So I am. We are going on a cruise, and I could not be more excited. I schedule this to post to publish itself, since I will be up at an ungodly hour to catch our flight. So by the time this posts, I will be at 30,000 ft.
I have been feeling rather blasé about life in general lately, though I realise it is mostly due to our IF struggles. My coworkers annoy me, I don’t feel like doing my work, or dealing with my clients. I have no motivation to do anything when I’m not working and the general population seems to be hell bent on pissing me off. I have good days and bad, but I really just need to get the hell out of here for a while. I am hoping it will be a chance for us to release the tension we’ve been carrying, destress, get some sun and just enjoy ourselves. And when we come back hopefully we will feel (somewhat) renewed, and refreshed with more patience and strength for what’s to come.
I have refrained from using BCPs this month. I only had one pack left and it was expired, so I said screw it. I’ll go one cycle without before I start back up again. Perhaps by some lucky, magical coincidence we will get pregnant. But I’m betting not. I asked Dr. M if it was ok for me to be taking BCPs leading up to our tentative IVF cycle, and he said it would actually make things easier to schedule because then we can manipulate my cycle with the BCPs.
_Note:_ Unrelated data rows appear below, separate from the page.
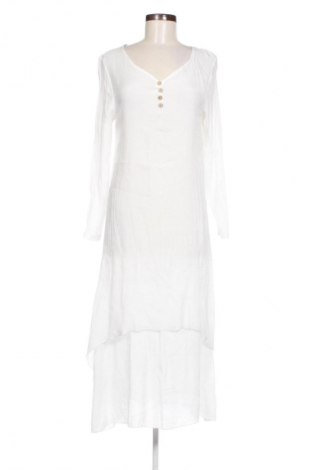 Ruha Unbranded, Méret XL, Szín Fehér, Ár 6 136 Ft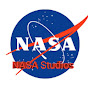 NASA Studios logo
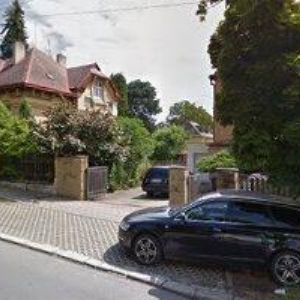 obrazek: avatar BEE DENT s.r.o.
So at least that way I can take another 3 months off treatment, and not even worrying about getting pregnant “by accident”. I suppose I should start taking prenatals again soon though, so they can take the time needed to get back into my system.
So I will be MIA for a while, enjoying the sun, scuba diving and not thinking about TTC (though I will be in the TWW for the duration of our trip, but at least I will be well distracted). I’ll think of all my lovely ladies while sipping something fruity from a hammock on a white sand beach. Don’t hate 🙂 See you all in a couple weeks!